HudBay CEO disputes Augusta’s claims of rival bidders – by Rachelle Younglai (Globe and Mail – April 15, 2014)

The Globe and Mail is Canada’s national newspaper with the second largest broadsheet circulation in the country. It has enormous influence on Canada’s political and business elite.

HudBay Minerals Inc. is asking Canadian regulators to get rid of Augusta Resource Corp.’s defense plan so that it can acquire Augusta’s copper project in Arizona.

HudBay already owns a 16 per cent stake in Augusta.
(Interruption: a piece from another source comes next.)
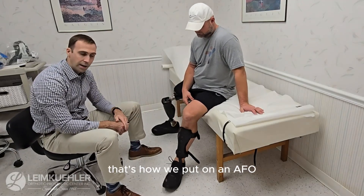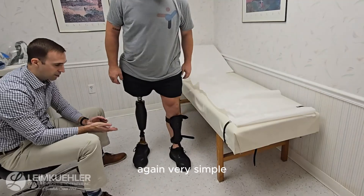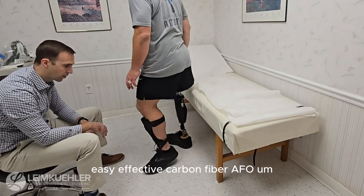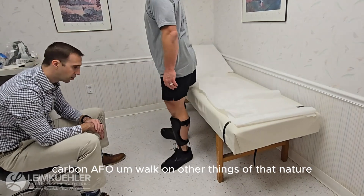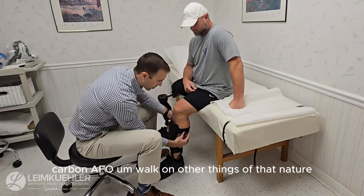That's how we put on an AFO — very simple, easy, effective carbon fiber AFO. You'll usually hear people call this an anterior carbon AFO, a walk-on, or other things of that nature.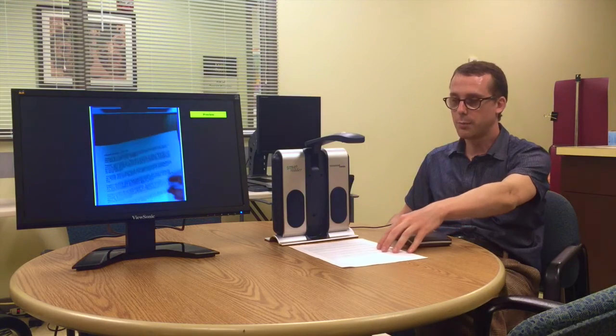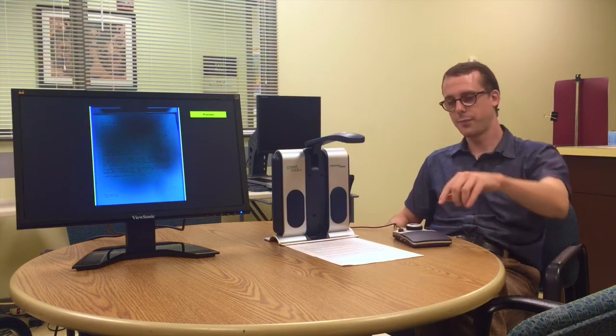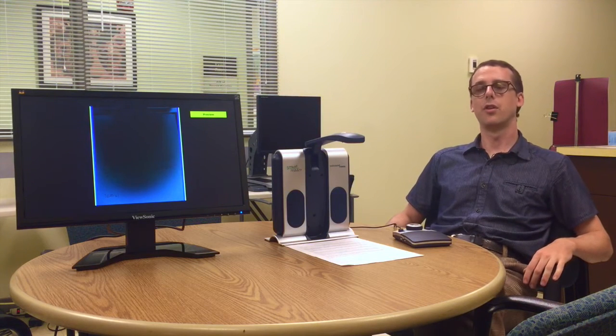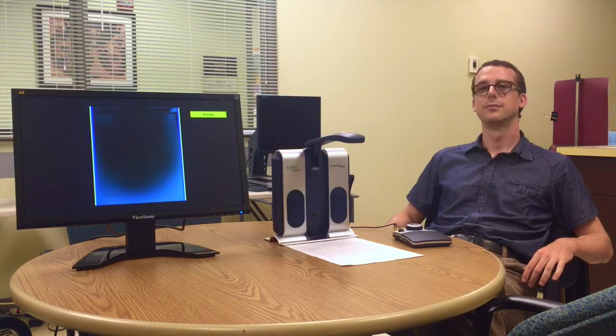In order to use it, we can place our document underneath it, and press a button on the control panel, and it will take a picture of the document. After it's taken the picture, it will process the image, and then it will start to read to me.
But the Toronto-based company is blocked from acquiring more shares because Augusta adopted a shareholder rights plan, also known as a poison pill, when it found out HudBay had accumulated such a large position.

The plan allows non-HudBay shareholders to buy additional shares at a discount, which would make it prohibitively expensive for the Toronto miner to acquire the rest of Augusta. On Monday, HudBay asked the British Columbia Securities Commission to make a decision before its hostile offer expires May 5.

Vancouver-based Augusta is scheduled to hold a meeting May 2 where shareholders will get to vote on whether they want to keep their poison pill in place. HudBay’s chief executive David Garofalo said if regulators strike down the poison pill, that would make the shareholder vote moot.

Augusta’s Rosemont copper asset holds nearly six billion pounds of copper reserves and will be the third-largest copper mine in the United States once in production. It would push HudBay closer to the big leagues if the company succeeds in buying Augusta.